Available records:
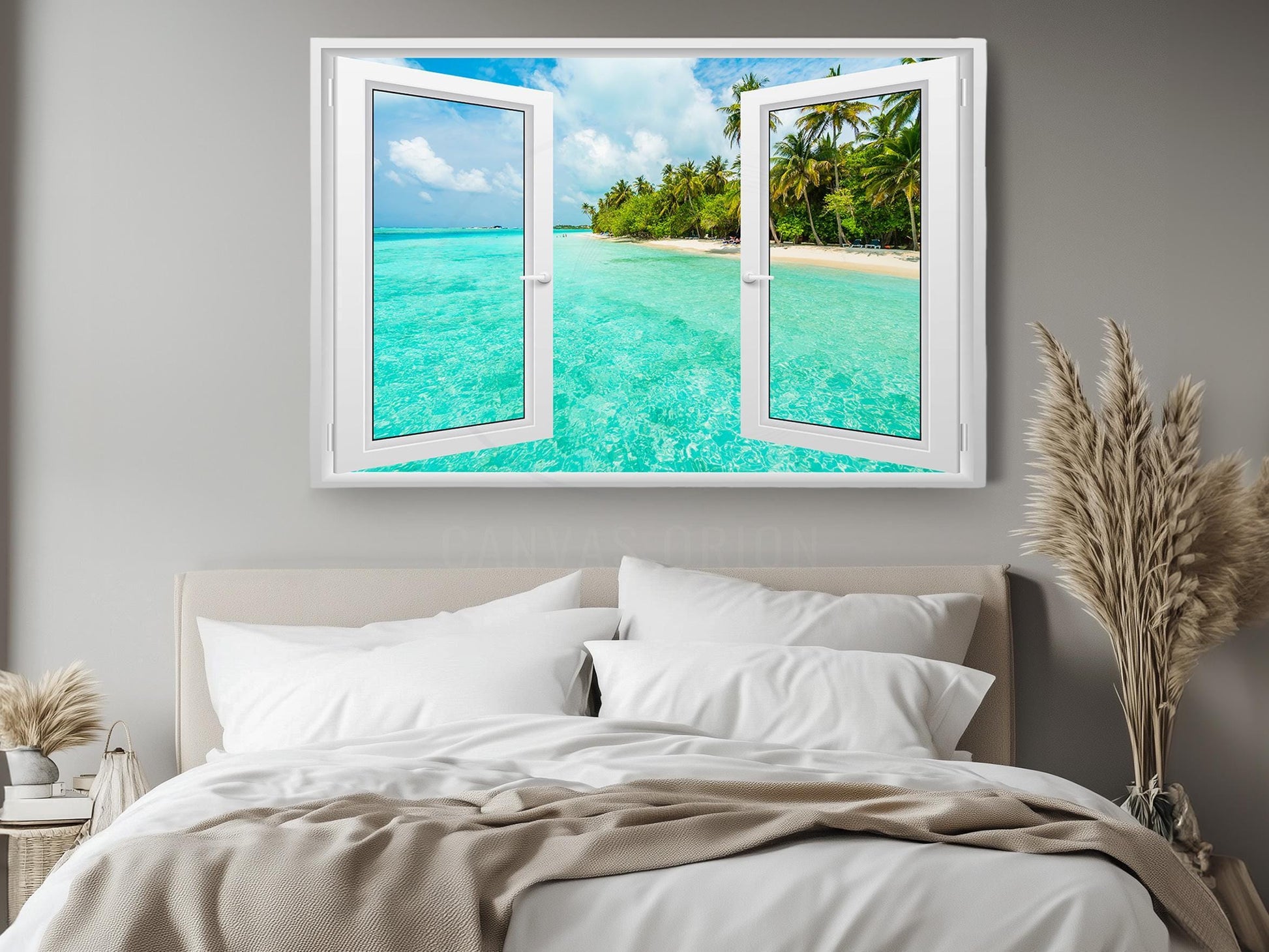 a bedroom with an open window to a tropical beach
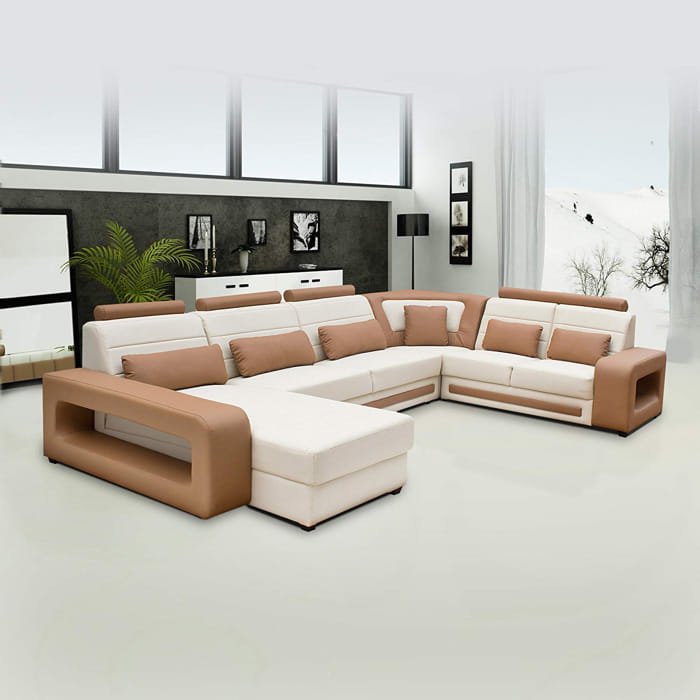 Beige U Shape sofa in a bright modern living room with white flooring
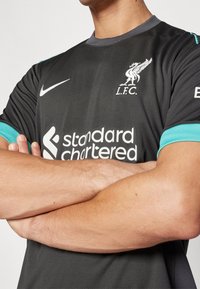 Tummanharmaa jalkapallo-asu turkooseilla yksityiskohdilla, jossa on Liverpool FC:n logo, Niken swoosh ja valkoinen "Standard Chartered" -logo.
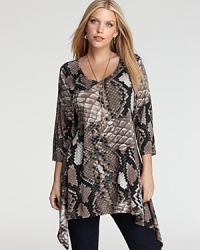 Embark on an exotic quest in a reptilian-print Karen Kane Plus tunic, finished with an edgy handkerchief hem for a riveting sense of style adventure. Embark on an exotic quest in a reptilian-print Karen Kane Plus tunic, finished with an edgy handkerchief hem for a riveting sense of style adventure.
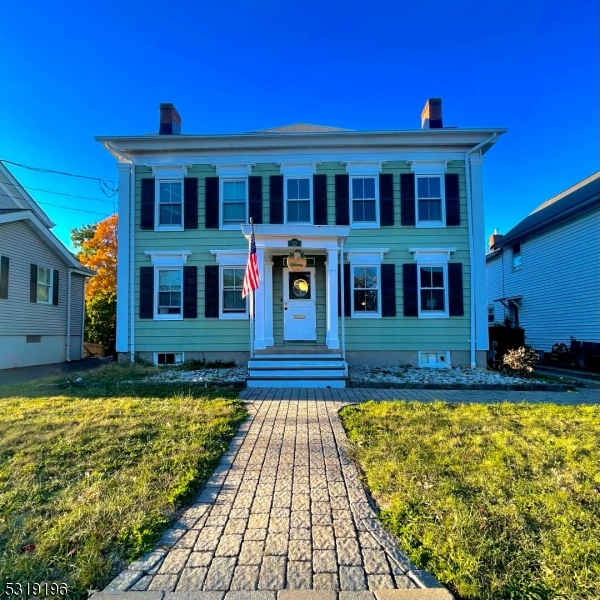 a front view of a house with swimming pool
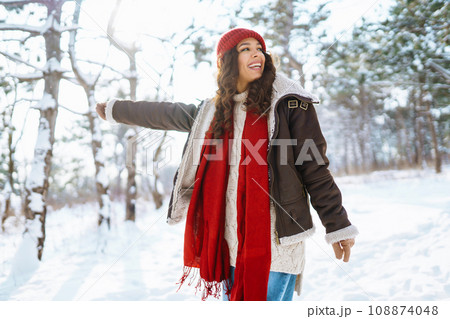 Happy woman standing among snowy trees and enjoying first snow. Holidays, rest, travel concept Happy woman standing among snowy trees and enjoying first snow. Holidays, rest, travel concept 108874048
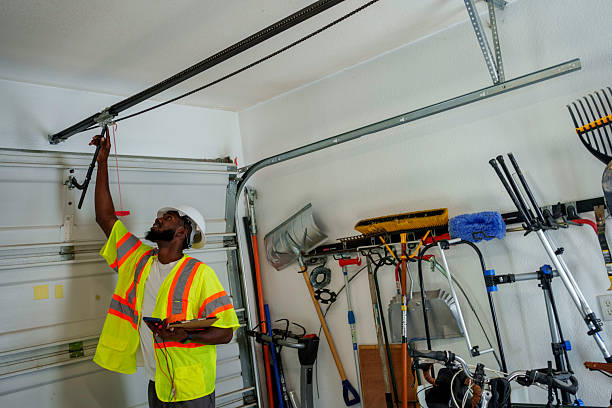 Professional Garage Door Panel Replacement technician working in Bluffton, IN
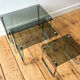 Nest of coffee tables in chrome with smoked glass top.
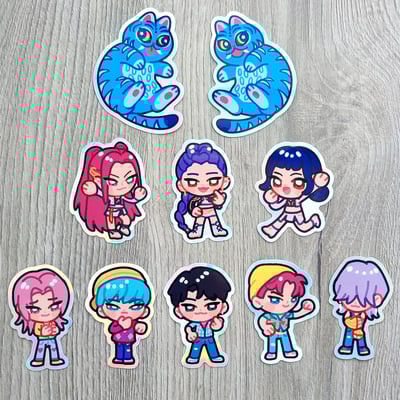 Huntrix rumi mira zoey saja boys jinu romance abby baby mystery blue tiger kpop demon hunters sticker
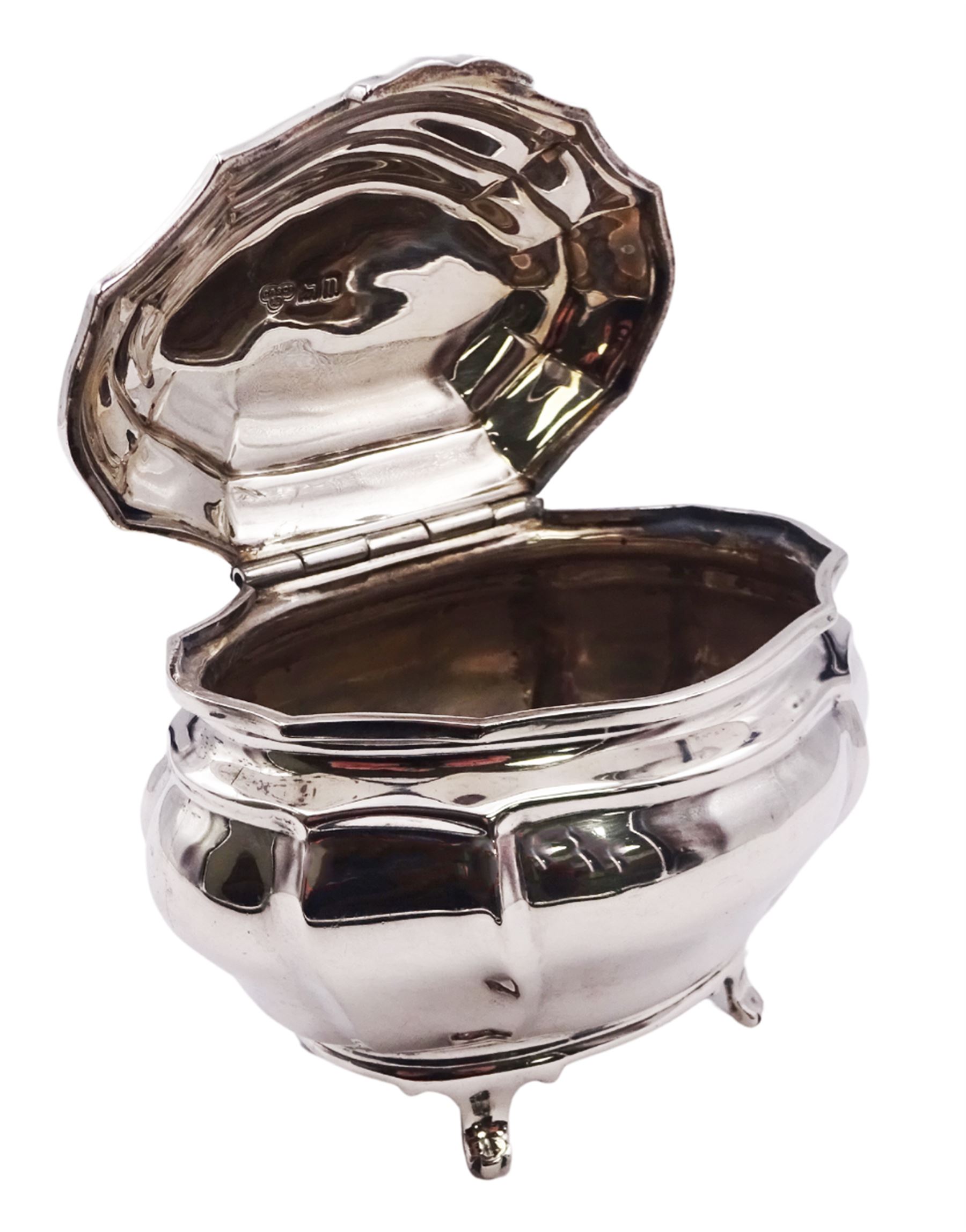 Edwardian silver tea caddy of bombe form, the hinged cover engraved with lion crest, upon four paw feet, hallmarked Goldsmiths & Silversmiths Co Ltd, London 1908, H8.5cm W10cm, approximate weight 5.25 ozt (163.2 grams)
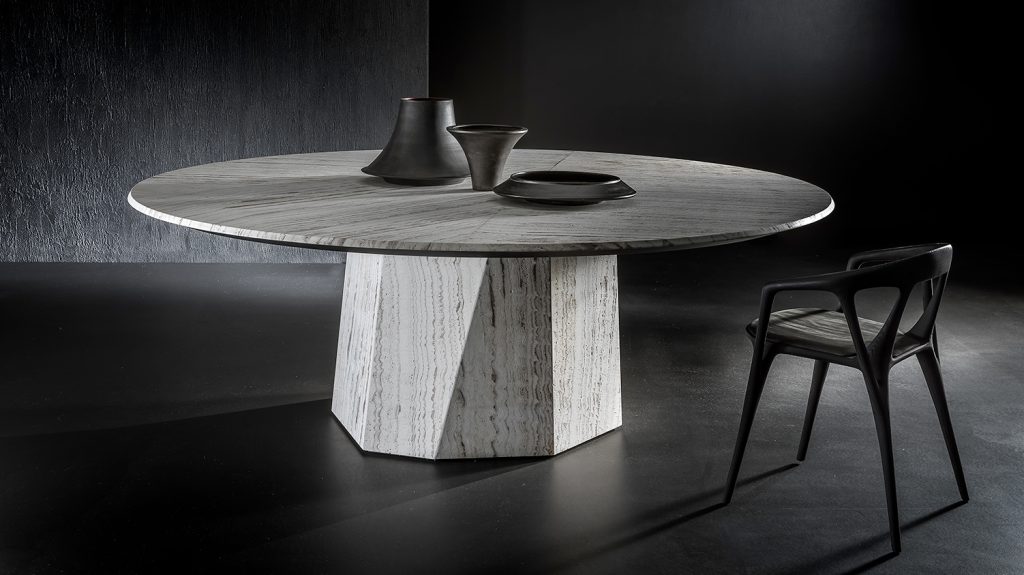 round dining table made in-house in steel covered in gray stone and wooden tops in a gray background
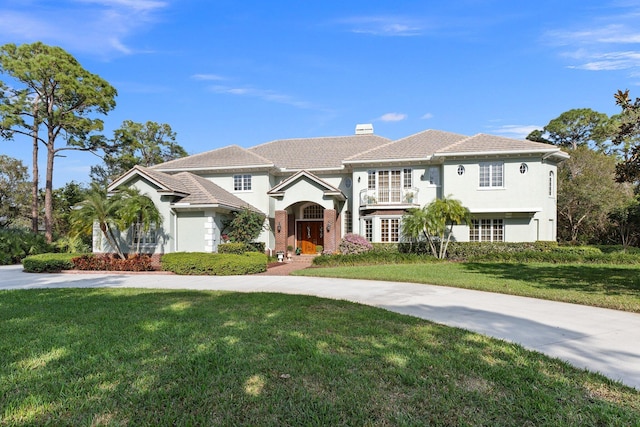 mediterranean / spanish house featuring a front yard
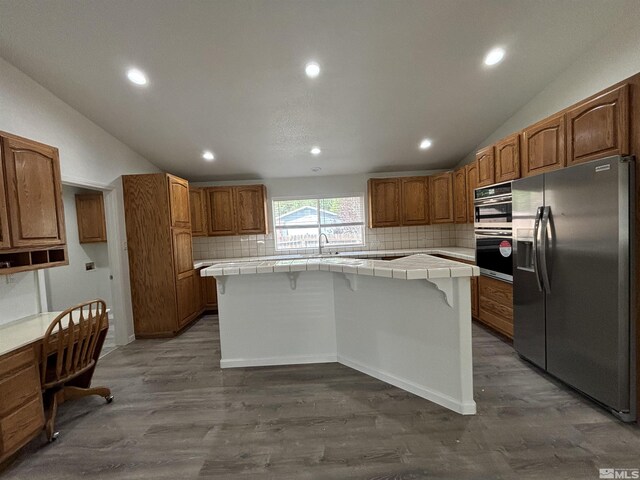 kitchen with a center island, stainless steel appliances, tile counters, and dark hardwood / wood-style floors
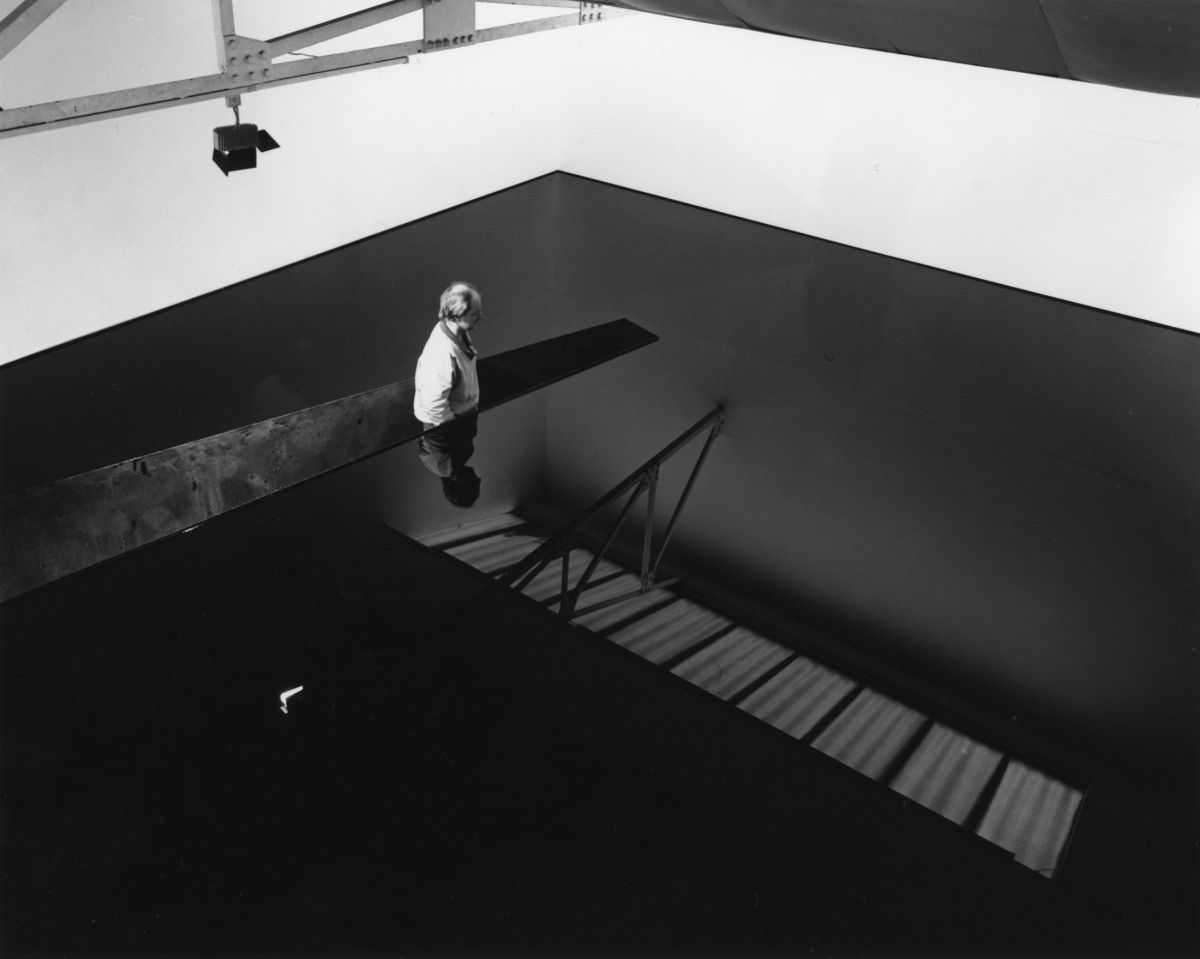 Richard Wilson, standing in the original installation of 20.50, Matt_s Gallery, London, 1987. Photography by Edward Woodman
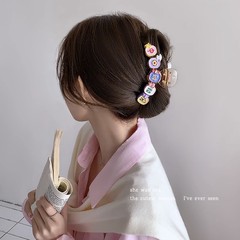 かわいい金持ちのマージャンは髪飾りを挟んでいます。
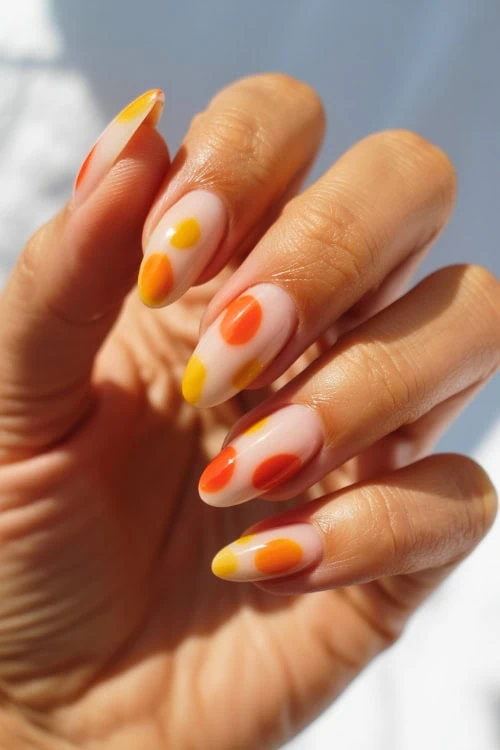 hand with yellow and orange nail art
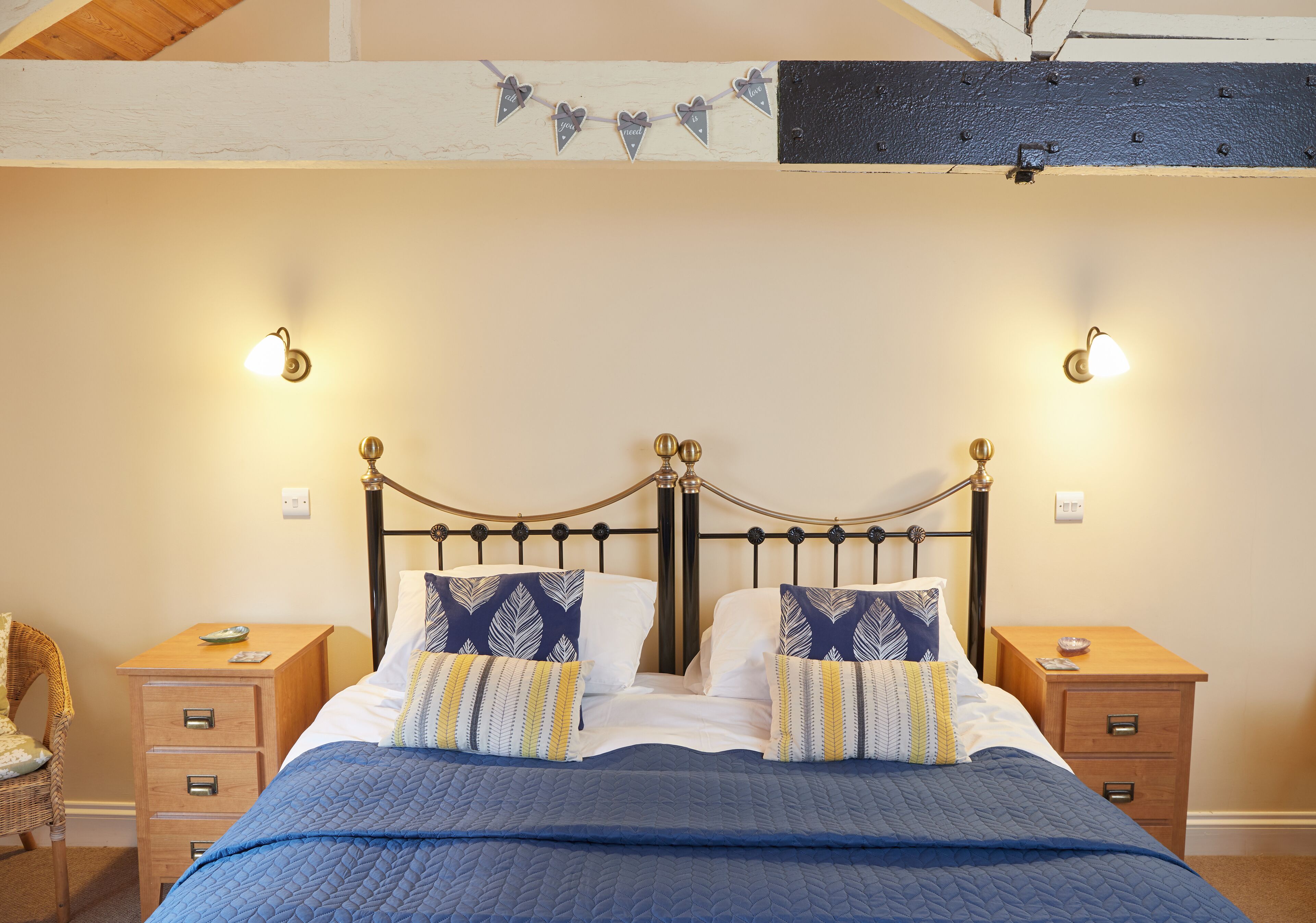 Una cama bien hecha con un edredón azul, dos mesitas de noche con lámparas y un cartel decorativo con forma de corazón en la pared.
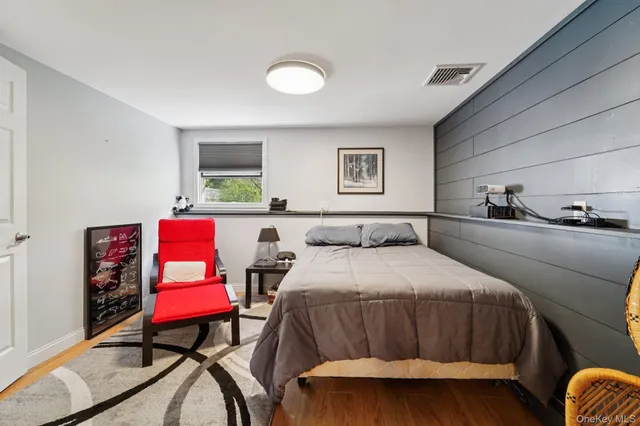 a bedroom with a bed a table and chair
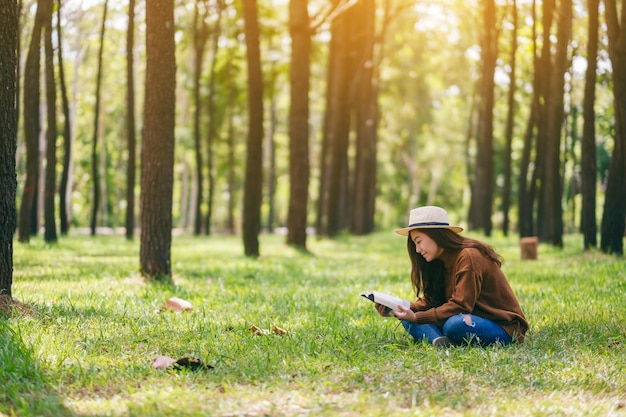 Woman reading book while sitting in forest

Task requirements:
Only the text of the entries above is to be given again, exactly, with the pictures left out.

Exercise response:
 a bedroom with an open window to a tropical beach
 Beige U Shape sofa in a bright modern living room with white flooring
 Tummanharmaa jalkapallo-asu turkooseilla yksityiskohdilla, jossa on Liverpool FC:n logo, Niken swoosh ja valkoinen "Standard Chartered" -logo.
 Embark on an exotic quest in a reptilian-print Karen Kane Plus tunic, finished with an edgy handkerchief hem for a riveting sense of style adventure. Embark on an exotic quest in a reptilian-print Karen Kane Plus tunic, finished with an edgy handkerchief hem for a riveting sense of style adventure.
 a front view of a house with swimming pool
 Happy woman standing among snowy trees and enjoying first snow. Holidays, rest, travel concept Happy woman standing among snowy trees and enjoying first snow. Holidays, rest, travel concept 108874048
 Professional Garage Door Panel Replacement technician working in Bluffton, IN
 Nest of coffee tables in chrome with smoked glass top.
 Huntrix rumi mira zoey saja boys jinu romance abby baby mystery blue tiger kpop demon hunters sticker
 Edwardian silver tea caddy of bombe form, the hinged cover engraved with lion crest, upon four paw feet, hallmarked Goldsmiths & Silversmiths Co Ltd, London 1908, H8.5cm W10cm, approximate weight 5.25 ozt (163.2 grams)
 round dining table made in-house in steel covered in gray stone and wooden tops in a gray background
 mediterranean / spanish house featuring a front yard
 kitchen with a center island, stainless steel appliances, tile counters, and dark hardwood / wood-style floors
 Richard Wilson, standing in the original installation of 20.50, Matt_s Gallery, London, 1987. Photography by Edward Woodman
 かわいい金持ちのマージャンは髪飾りを挟んでいます。
 hand with yellow and orange nail art
 Una cama bien hecha con un edredón azul, dos mesitas de noche con lámparas y un cartel decorativo con forma de corazón en la pared.
 a bedroom with a bed a table and chair
 Woman reading book while sitting in forest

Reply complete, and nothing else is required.